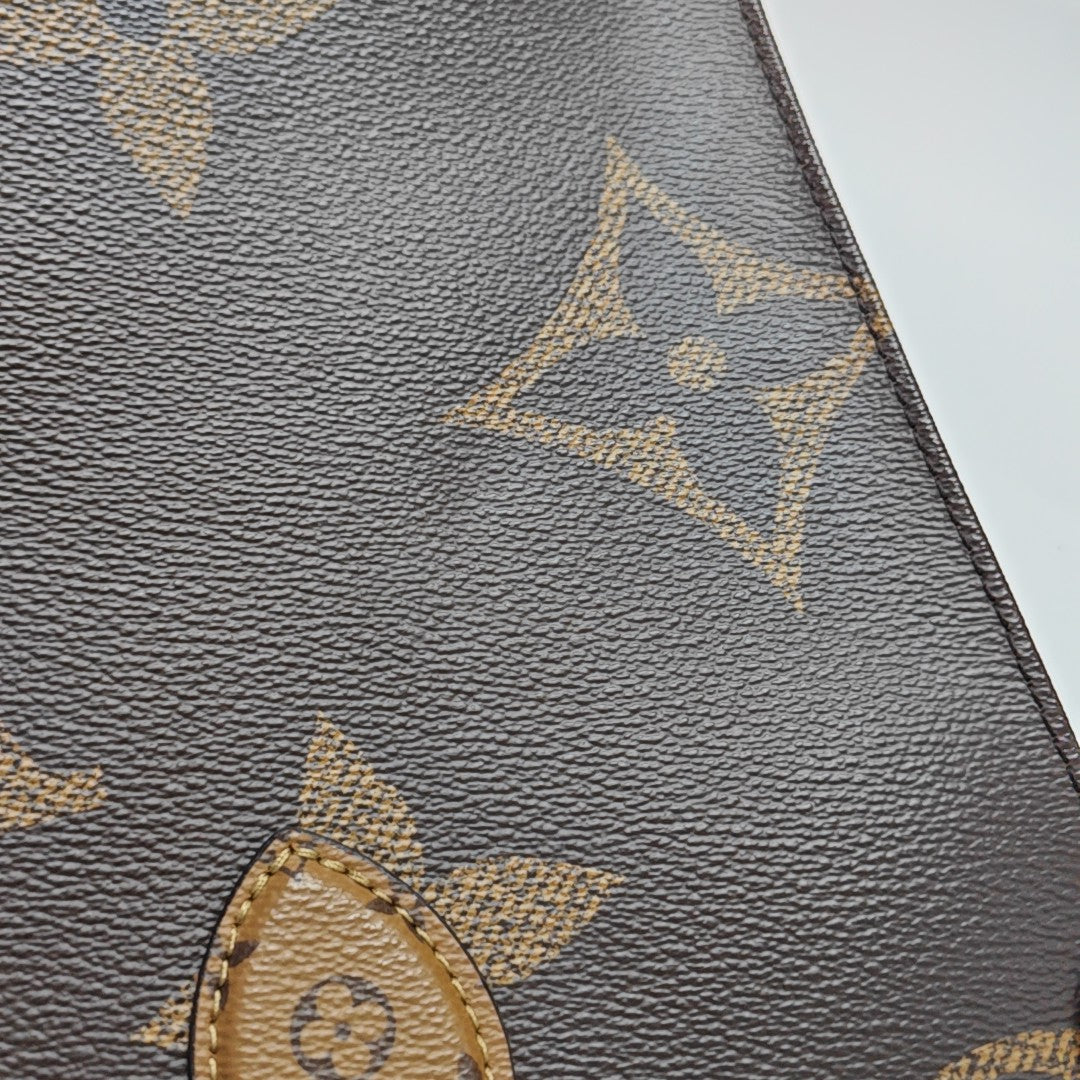 ONTHEGO MM Monogram Coated Canvas Brown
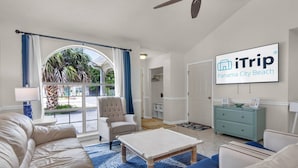 A hotel room with a large window, a ceiling fan, a bed, a sofa, a coffee table, and a desk with a lamp. - Pier Atlas (Panama City Beach)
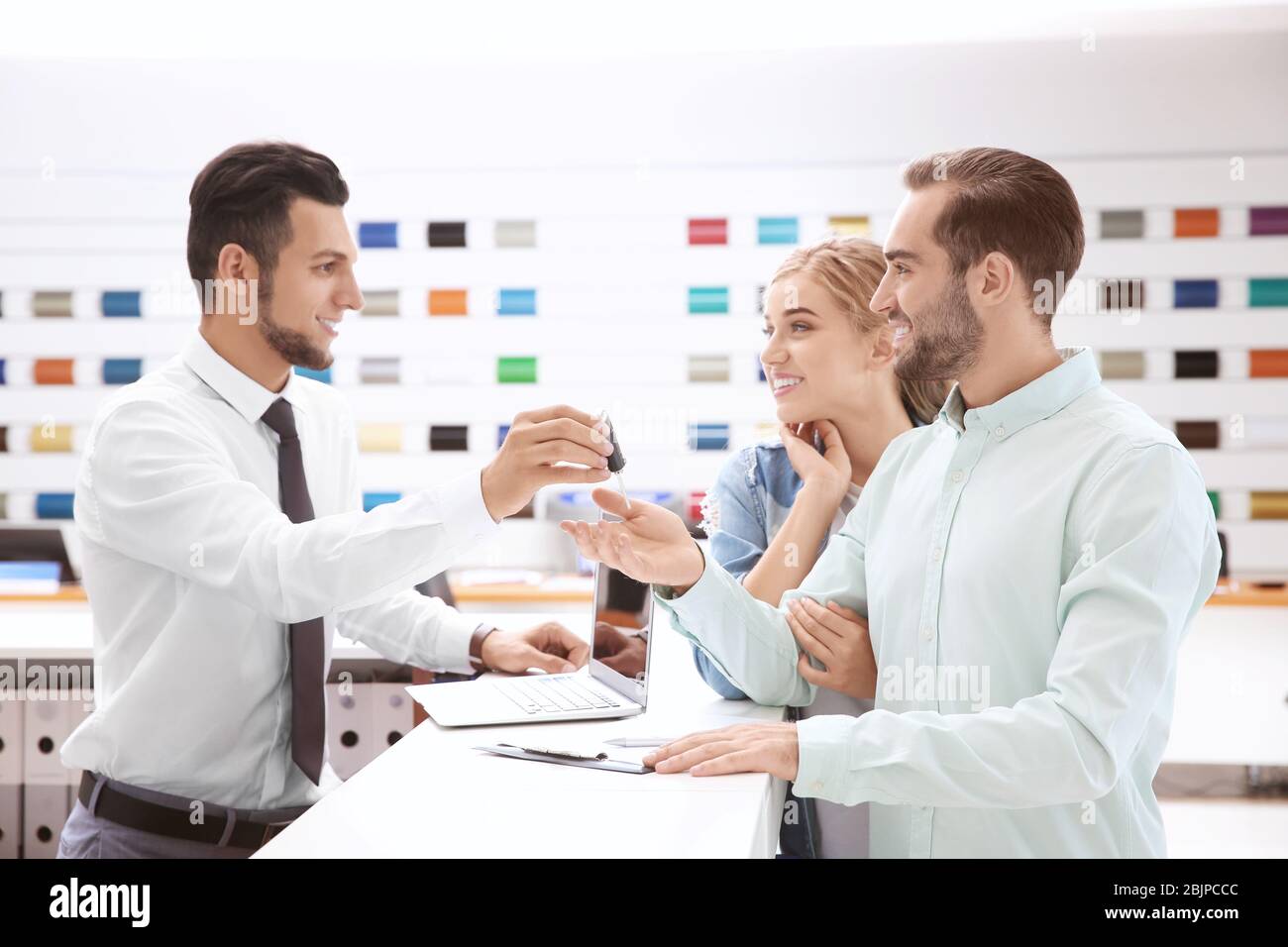 Car salesman giving key to couple in dealership Stock Photo - Alamy
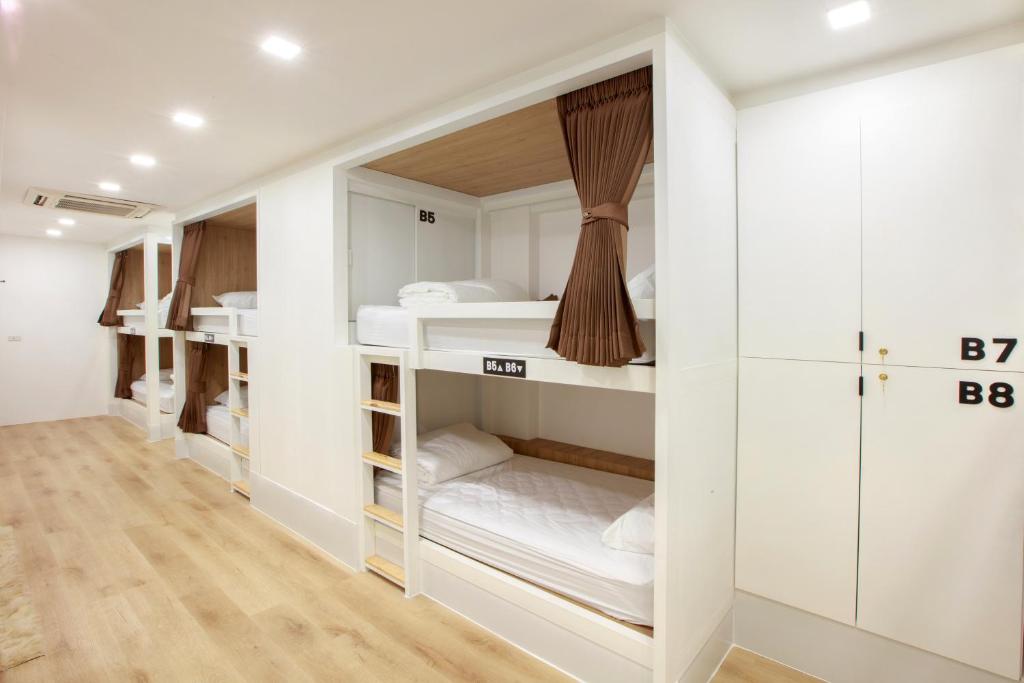 a room with white bunk beds in it at Lafami Hostel in Ban Nongdouang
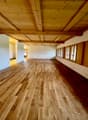 empty room, wooden floor, wooden ceiling, white walls, windows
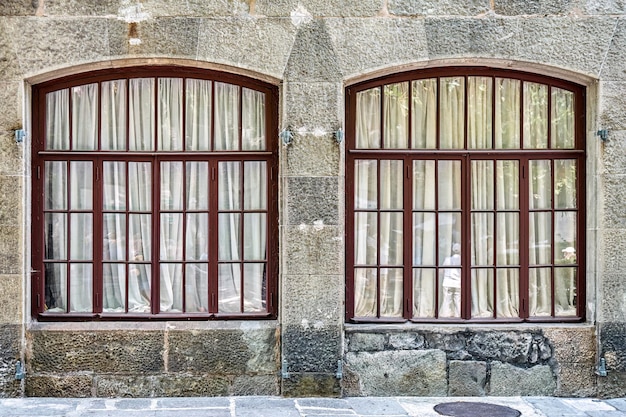 Vecchie finestre ad arco con tende bianche sullo storico muro di pietra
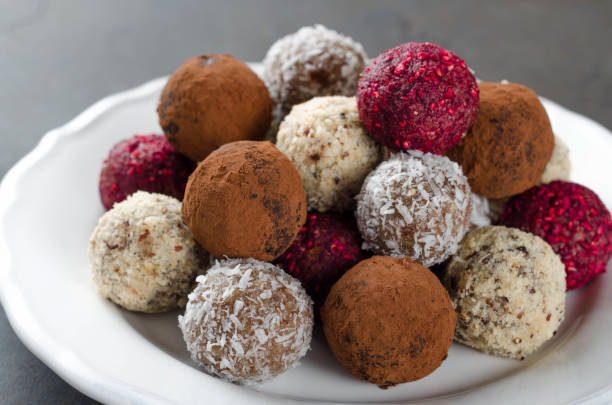 istock Homemade vegan chocolate candies with dried raspberry, grated coconut, nuts, cocoa on a white plate and dark stone background. Selective focus 868697572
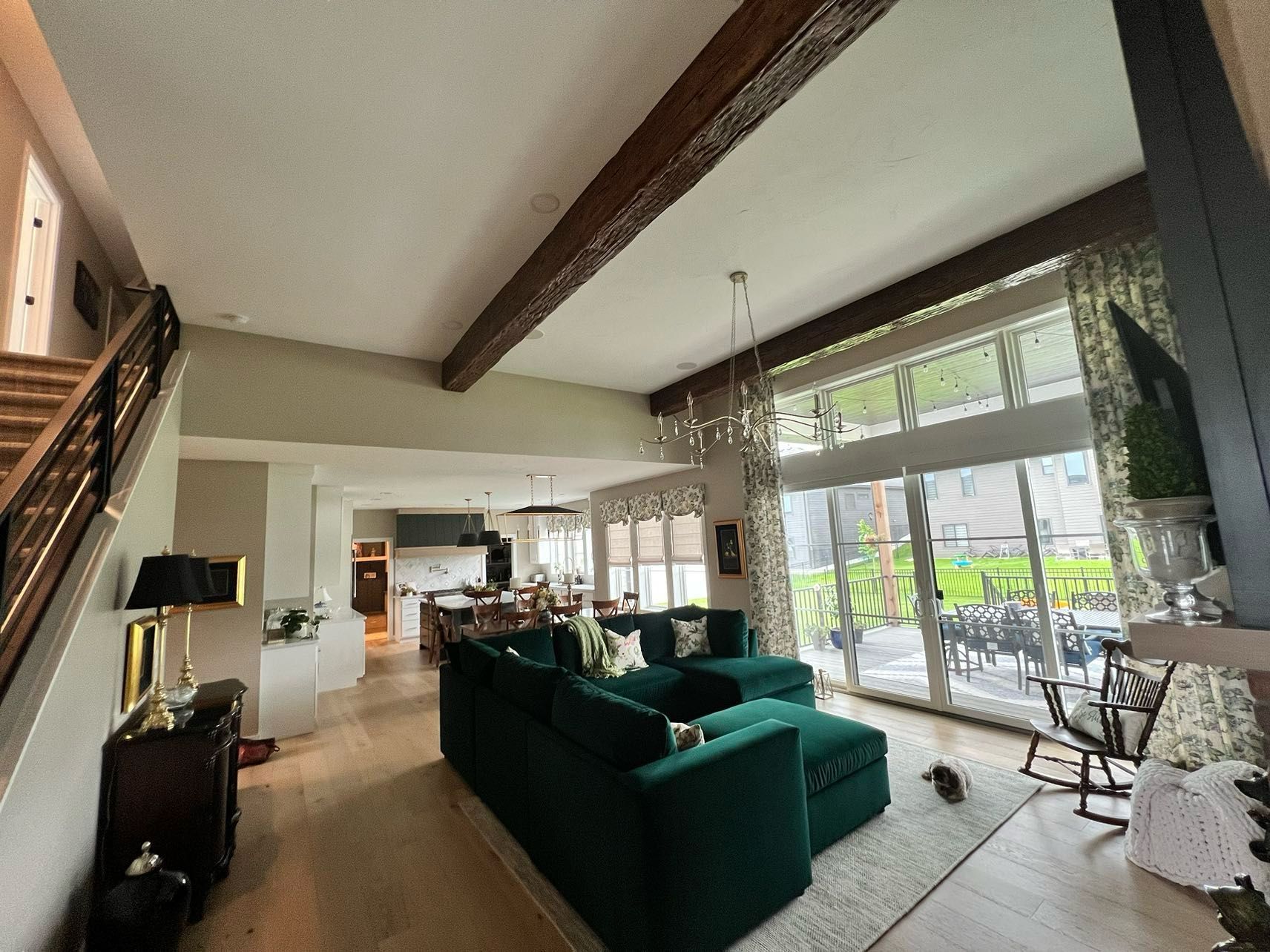 Spacious living room with a green sectional, wooden beams, and a large window overlooking a patio.
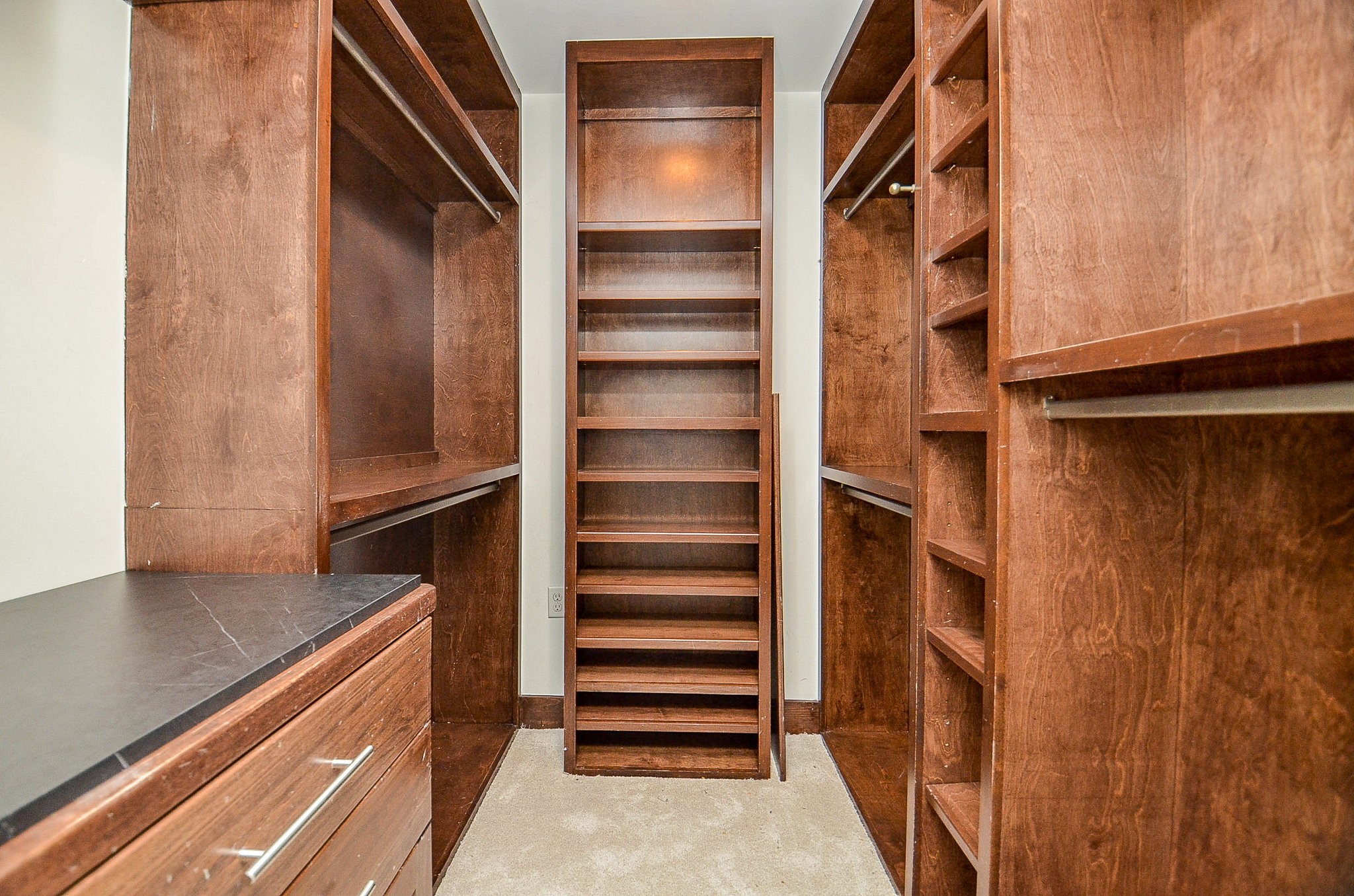 10003 Burgoyne Road Houston, TX 77042 - Photo 22 of 48 a view of walk in closet with empty racks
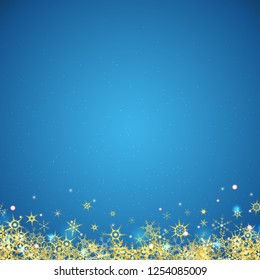 vector file with beautiful falling snow flakes colored golden and lightning effects on blue colored background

■ **Task description**
Could you retype exactly, and only, the lines running from the one with "Spacious living room" to the last line of the listing, while leaving any pictures out?

■ **Response to the exercise**
 Spacious living room with a green sectional, wooden beams, and a large window overlooking a patio.
 10003 Burgoyne Road Houston, TX 77042 - Photo 22 of 48 a view of walk in closet with empty racks
 vector file with beautiful falling snow flakes colored golden and lightning effects on blue colored background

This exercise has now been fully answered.